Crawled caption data

━━━━━━━━

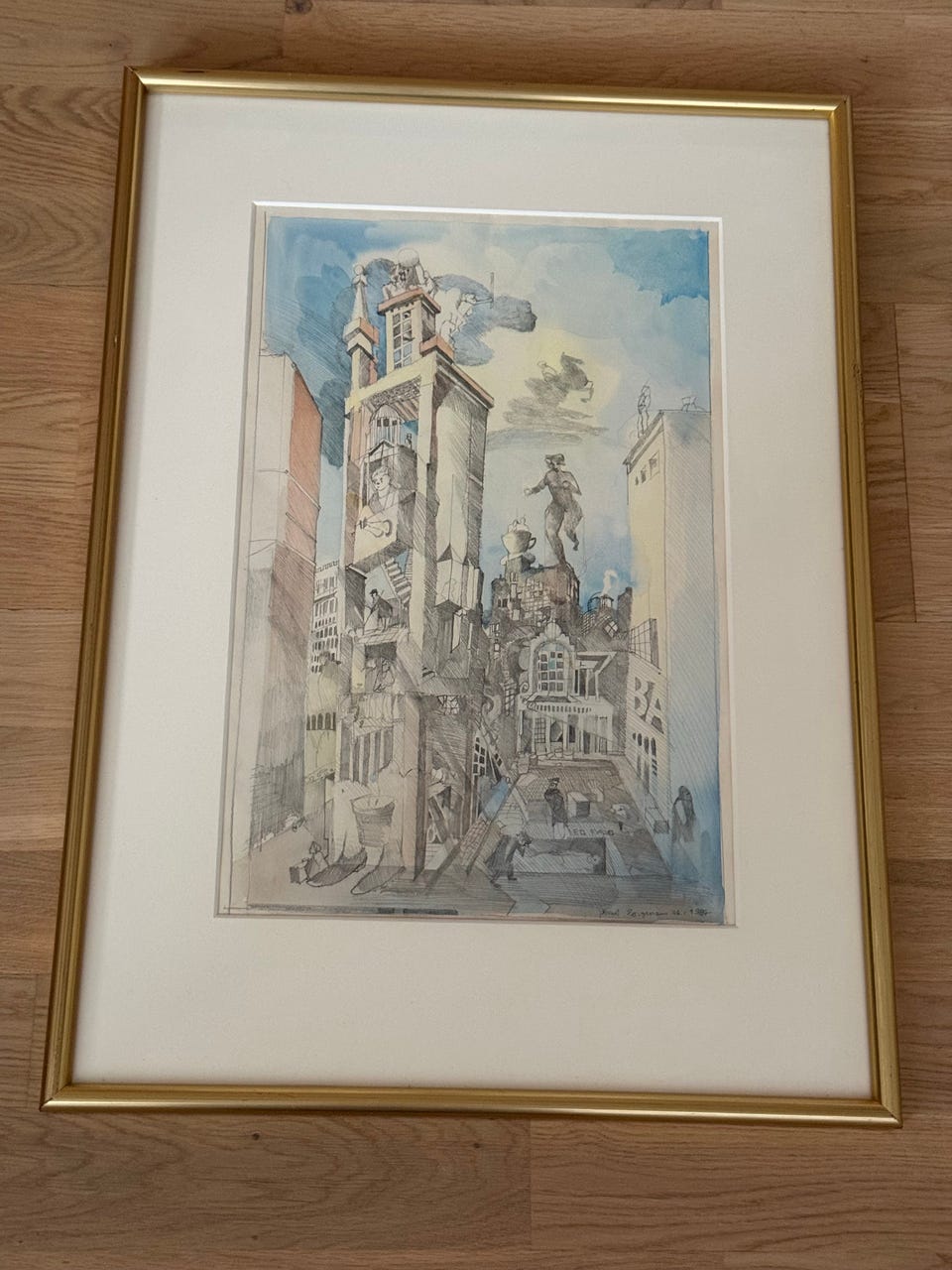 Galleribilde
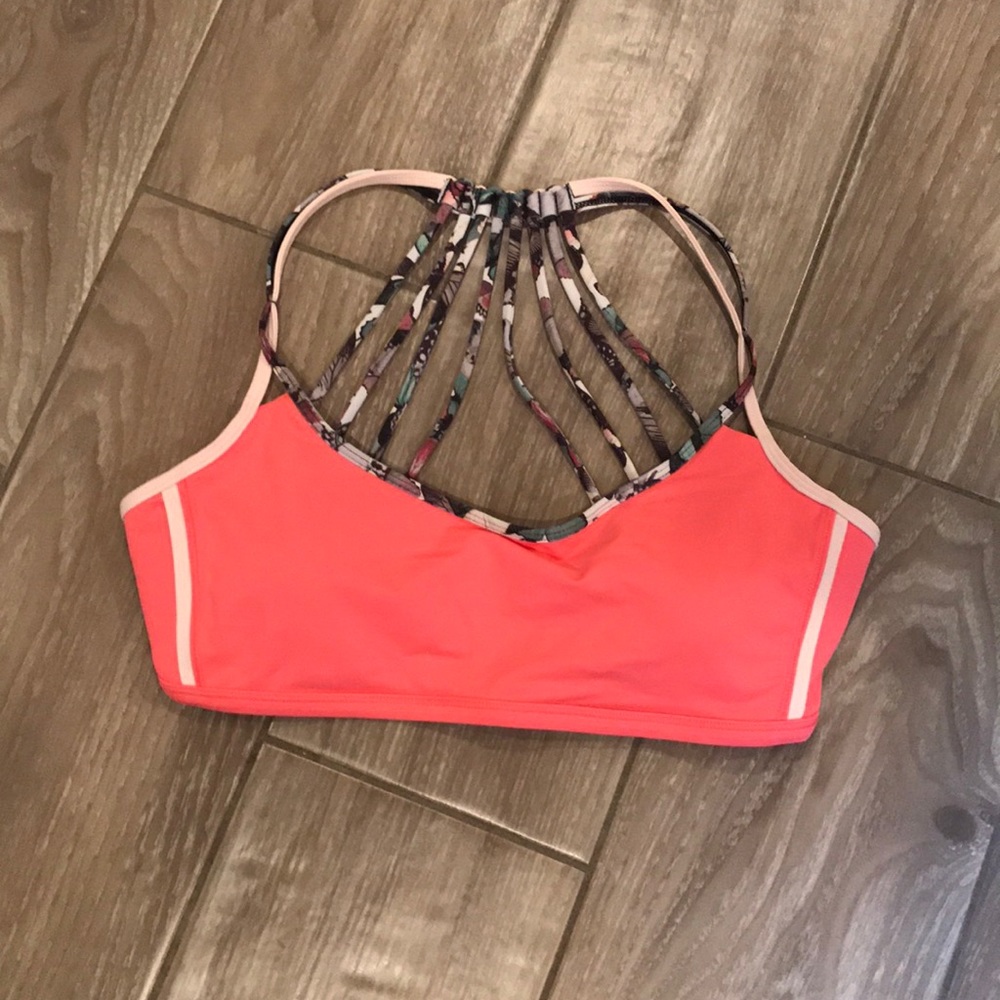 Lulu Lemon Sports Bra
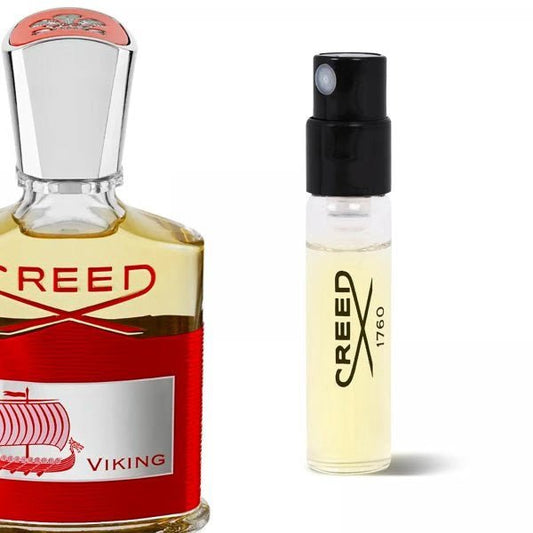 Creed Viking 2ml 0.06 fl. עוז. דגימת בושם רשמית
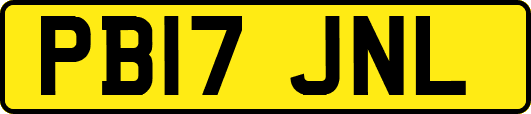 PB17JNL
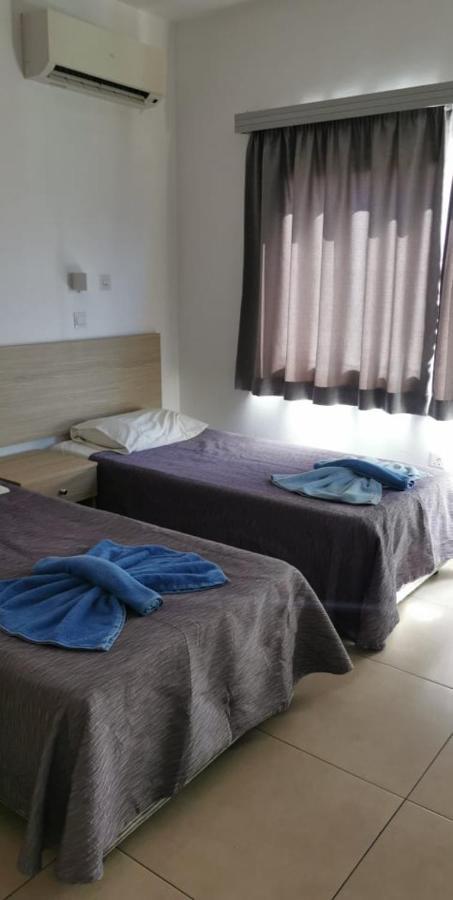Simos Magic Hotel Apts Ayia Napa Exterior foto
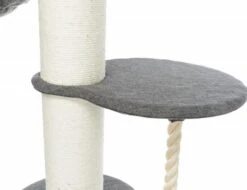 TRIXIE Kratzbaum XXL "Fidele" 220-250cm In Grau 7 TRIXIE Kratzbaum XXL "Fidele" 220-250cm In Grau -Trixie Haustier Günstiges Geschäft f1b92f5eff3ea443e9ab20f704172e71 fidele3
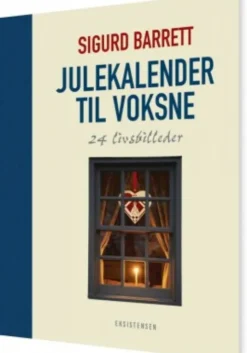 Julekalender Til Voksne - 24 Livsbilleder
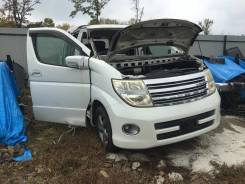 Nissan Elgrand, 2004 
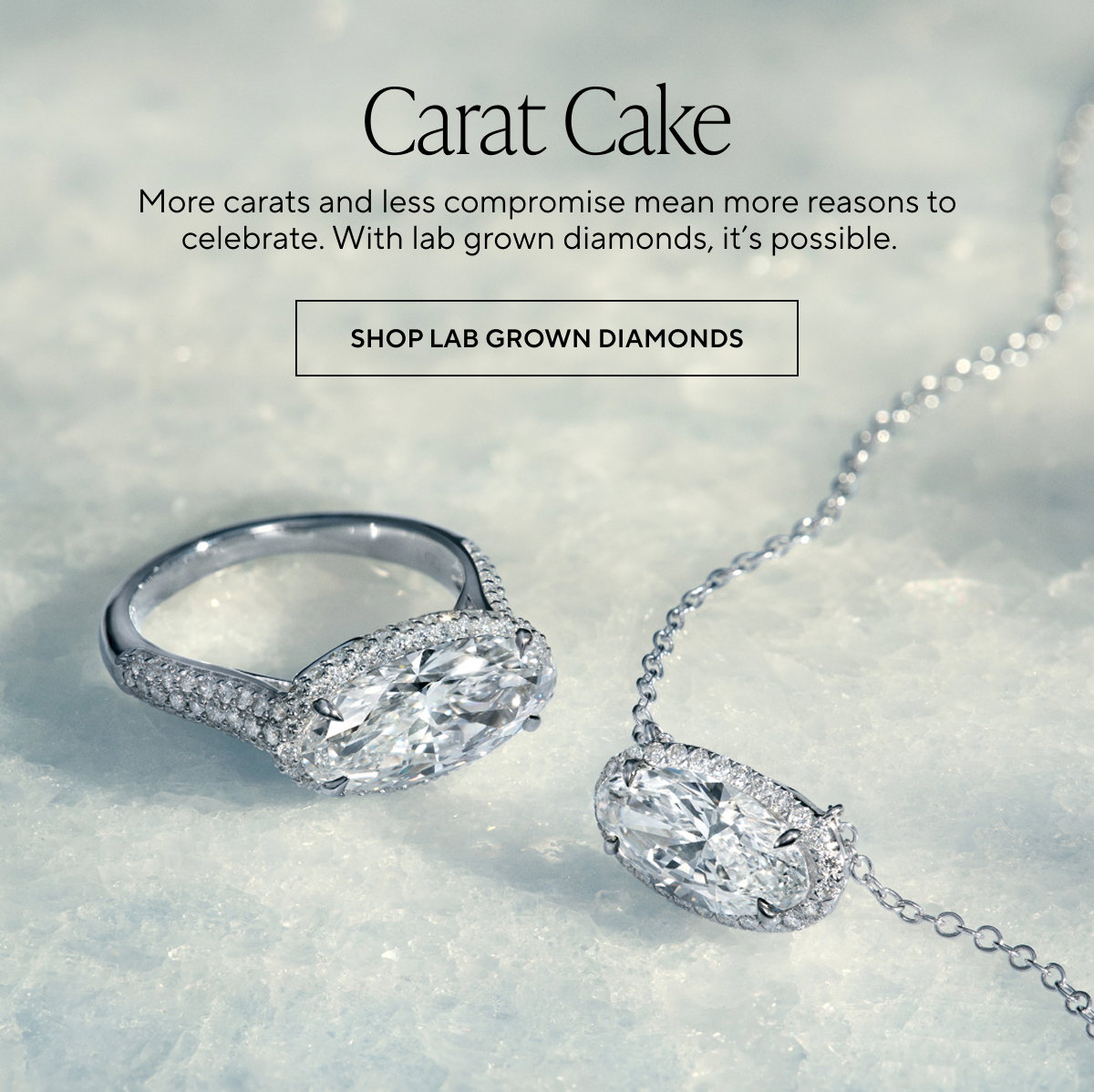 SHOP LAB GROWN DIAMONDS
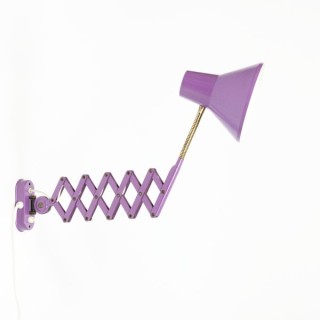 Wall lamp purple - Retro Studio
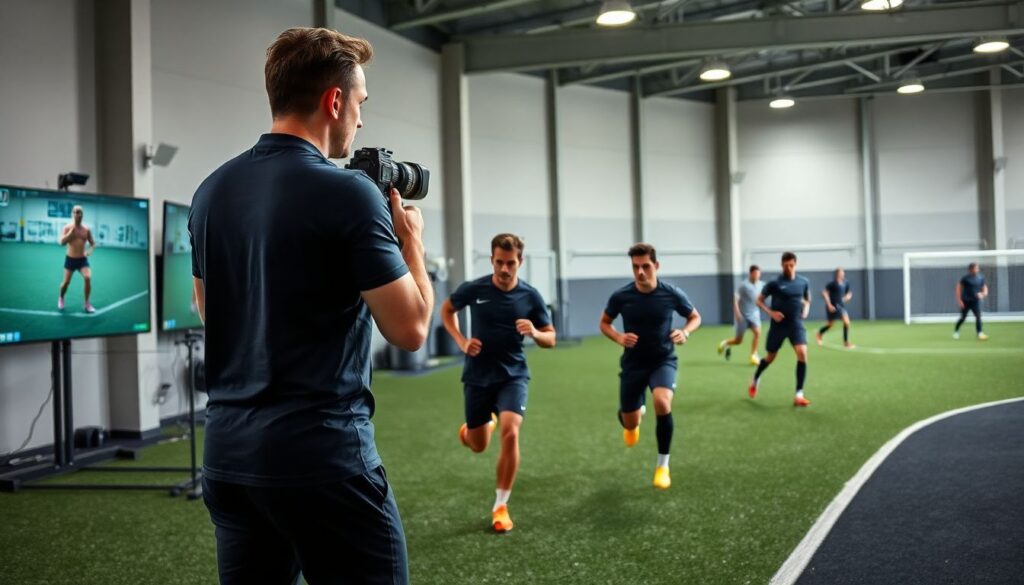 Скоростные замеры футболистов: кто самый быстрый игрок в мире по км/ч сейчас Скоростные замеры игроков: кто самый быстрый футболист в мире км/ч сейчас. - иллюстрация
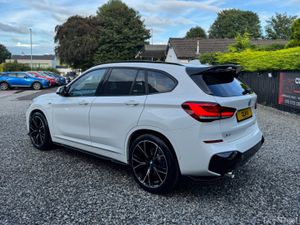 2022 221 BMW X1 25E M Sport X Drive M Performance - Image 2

━━━━━━━━

▸ Task objective
Extract, verbatim and alone, the lines from the line that contains "SHOP LAB GROWN DIAMONDS" to the last line of the records, inclusive; drop any picture.

▸ Output of the exercise
 SHOP LAB GROWN DIAMONDS
 Wall lamp purple - Retro Studio
 Скоростные замеры футболистов: кто самый быстрый игрок в мире по км/ч сейчас Скоростные замеры игроков: кто самый быстрый футболист в мире км/ч сейчас. - иллюстрация
 2022 221 BMW X1 25E M Sport X Drive M Performance - Image 2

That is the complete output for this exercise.